The results of the study show that because the system relies on cross-ideological consensus to detect misinformation, it cannot — by design — and it does not adequately process content that activates polarization. The study demonstrates this by comparing how moderation notes related to four national elections are processed against all other notes in the same periods: the 2024 US presidential, the 2024 UK general, the 2024 French parliamentary, and the 2025 German federal elections (see figure). Across elections, notes given to posts about the elections were systematically underselected as moderation actions by the platform when compared to notes on other topics.

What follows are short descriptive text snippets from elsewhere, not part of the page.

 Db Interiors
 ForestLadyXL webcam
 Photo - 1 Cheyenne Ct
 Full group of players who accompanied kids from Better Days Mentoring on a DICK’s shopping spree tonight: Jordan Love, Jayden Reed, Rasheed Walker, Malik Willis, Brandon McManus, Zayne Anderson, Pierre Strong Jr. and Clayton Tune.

The study holds direct regulatory consequences, as it indicates that. systems such as Community Notes cannot, alone, constitute steps to secure information integrity during elections. Under the Digital Services Act of the EU, online platforms must assess and address systemic risks, in particular risks to electoral processes (DSA, Art. 34(1)(c)). Phasing out expert fact-checking in favor of crowd-sourced fact-checking systems such as Community Notes, is therefore at odds with the obligations established for platforms under the DSA.
*TIERED benefits from government funding administered by the National Research Agency (ANR) under the France 2030 program and by the European Union's NextGenerationEU program, under reference number “ANR-22-EXES-0014”.